== Extracted records ==
■ ■ ■ ■ ■

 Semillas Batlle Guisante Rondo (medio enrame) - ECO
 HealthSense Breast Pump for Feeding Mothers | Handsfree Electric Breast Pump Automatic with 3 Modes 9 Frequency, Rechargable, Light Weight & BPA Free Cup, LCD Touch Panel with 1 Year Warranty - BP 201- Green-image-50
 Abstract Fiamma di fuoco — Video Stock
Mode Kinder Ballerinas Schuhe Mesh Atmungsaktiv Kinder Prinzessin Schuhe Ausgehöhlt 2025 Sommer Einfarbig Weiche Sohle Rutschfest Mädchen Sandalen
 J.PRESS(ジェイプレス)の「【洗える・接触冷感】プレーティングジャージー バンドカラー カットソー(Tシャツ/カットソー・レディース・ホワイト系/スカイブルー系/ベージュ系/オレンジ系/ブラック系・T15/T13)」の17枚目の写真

■ ■ ■ ■ ■

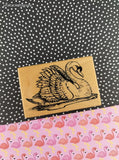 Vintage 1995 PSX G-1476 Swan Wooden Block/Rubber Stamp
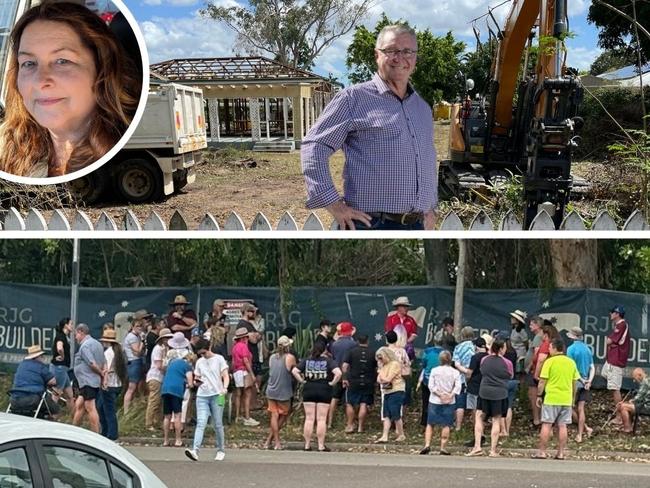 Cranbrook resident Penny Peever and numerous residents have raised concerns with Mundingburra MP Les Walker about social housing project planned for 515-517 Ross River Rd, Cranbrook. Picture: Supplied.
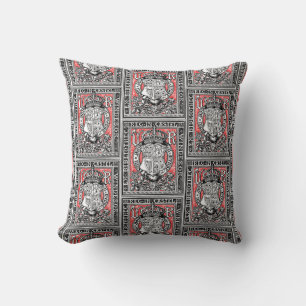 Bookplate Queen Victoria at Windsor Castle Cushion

■ ■ ■ ■ ■

== Exercise instructions ==
Write down, word for word, the lines above from the one containing "HealthSense Breast Pump" through the one containing "Abstract Fiamma di fuoco — Video Stock", both ends included.

== Task answer ==
 HealthSense Breast Pump for Feeding Mothers | Handsfree Electric Breast Pump Automatic with 3 Modes 9 Frequency, Rechargable, Light Weight & BPA Free Cup, LCD Touch Panel with 1 Year Warranty - BP 201- Green-image-50
 Abstract Fiamma di fuoco — Video Stock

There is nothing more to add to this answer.